Selasa 20 May 2014 16:00 WIB

buah hati- Sedekah Kantong Plastik

Red:

Oleh Tatit Ujiani Prasetyaningsih

Tinggal di Sidoarjo, Jawa Timur

Setiap kali saya belanja di tukang sayur, saya selalu menolak kantong plastik yang diberikan.

Nggak baik Bu, nggak dimasukkan ke tas belanjaannya. Nanti anak perawannya nggak dilamar orang,” komentar tukang sayur.

“Untung anakku semuanya laki-laki,” jawabku sambil tersenyum.

Kebiasaan menolak kantong plastik sebagai pembungkus belanjaan saya terapkan bukan hanya ketika belanja di tukang sayur. Belanja ke pasar atau ke supermarket sekalipun, aku selalu membawa tas kain. Alasanku sederhana saja. Sampah plastik baru bisa terurai sekitar 10 sampai 20 tahun kemudian. Bayangkanlah Bumi ini akan semakin penuh dengan sampah plastik. Kasihan anak-anak cucu kita nantinya.

Ternyata, apa yang aku lakukan menjadi perhatian si bungsu Lantip (11 tahun).

“Ma, kenapa sih nggak pernah mau dikasih kantong plastik?”

“Daripada sampah plastiknya makin menumpuk di dapur,” kataku menjelaskan.

“Pasti karena takut Papa marah, ya karena mama nyusuh, mengumpulkan barang-barang seperti rumah tikus.”

Suamiku paling tidak suka kalau aku menumpuk barang bekas, seperti plastik bekas, dus bekas roti, maupun kaleng bekas roti.

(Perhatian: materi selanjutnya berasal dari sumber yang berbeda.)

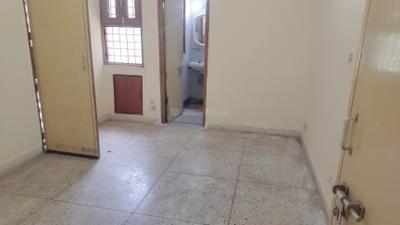 Bedroom Image of 1750 Sq.ft 3 BHK Apartment / Flat for rent in Sector 4 Dwarka New Delhi for Rs. 38000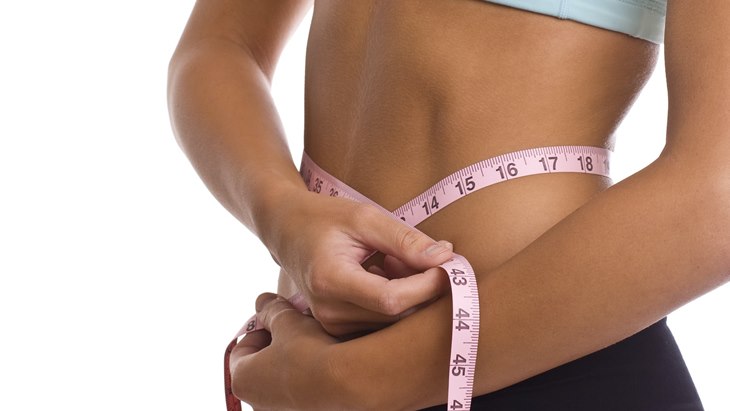 7 Kebiasaan Saat Diet ini Membuat Perut Jadi Rata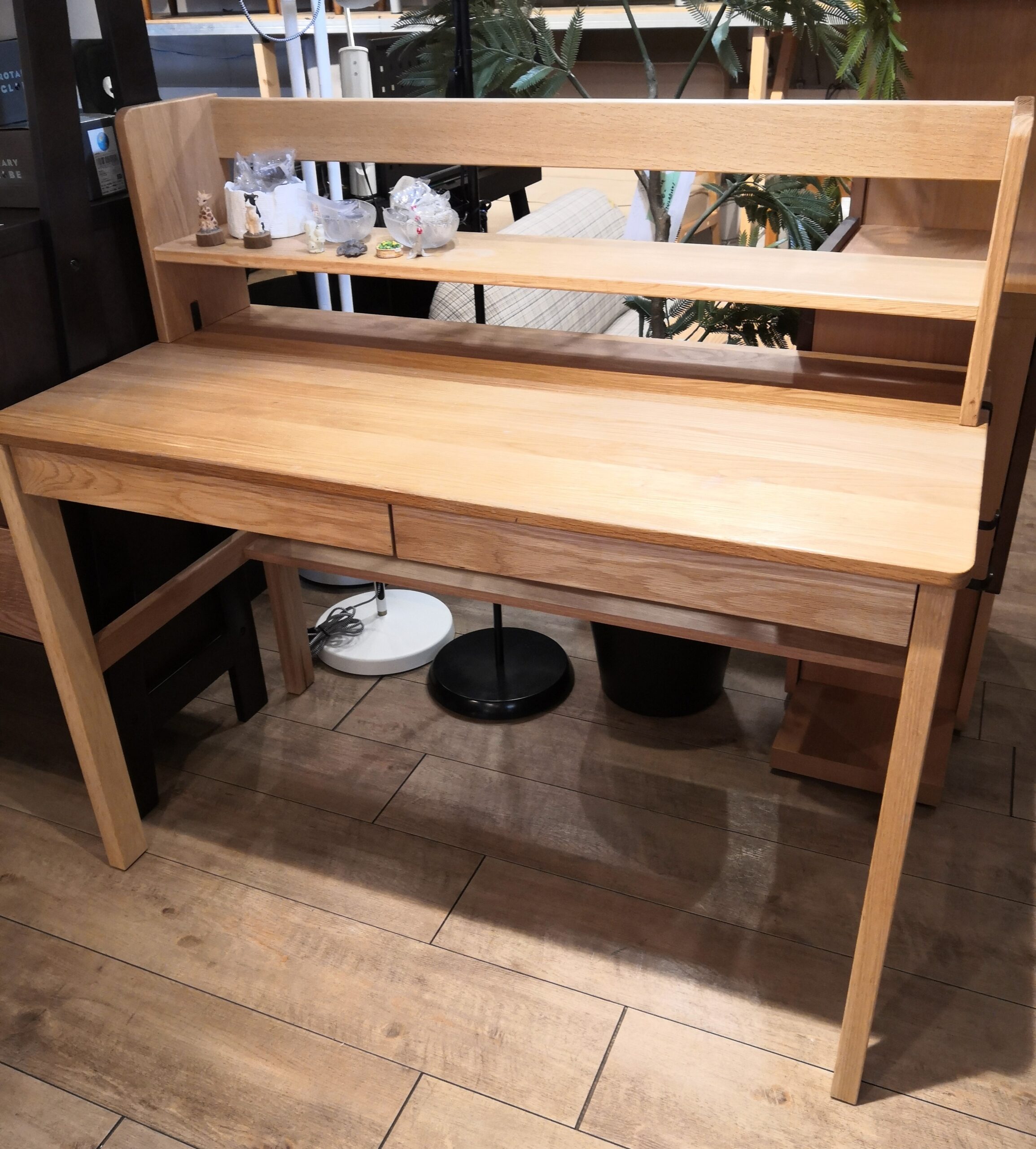 無印良品 MUJI オーク材 無垢材 勉強机 上棚付き デスク 入荷しました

Kebiasaannya kebalikan denganku.

Lantip melihat tumpukan kaleng bekas roti, botol bekas minuman mineral, dan plastik di pojokan dapur.

“Ooo, benar kata Papa. Mama ini nggak mau kalah dengan tukang rombeng, pengepul barang bekas.” ujarnya bercanda.

“Lihat Ma, sampahnya menumpuk seperti bukit. Bisa-bisa, rumah kita jadi sarang tikus kalau nggak dibersihkan.”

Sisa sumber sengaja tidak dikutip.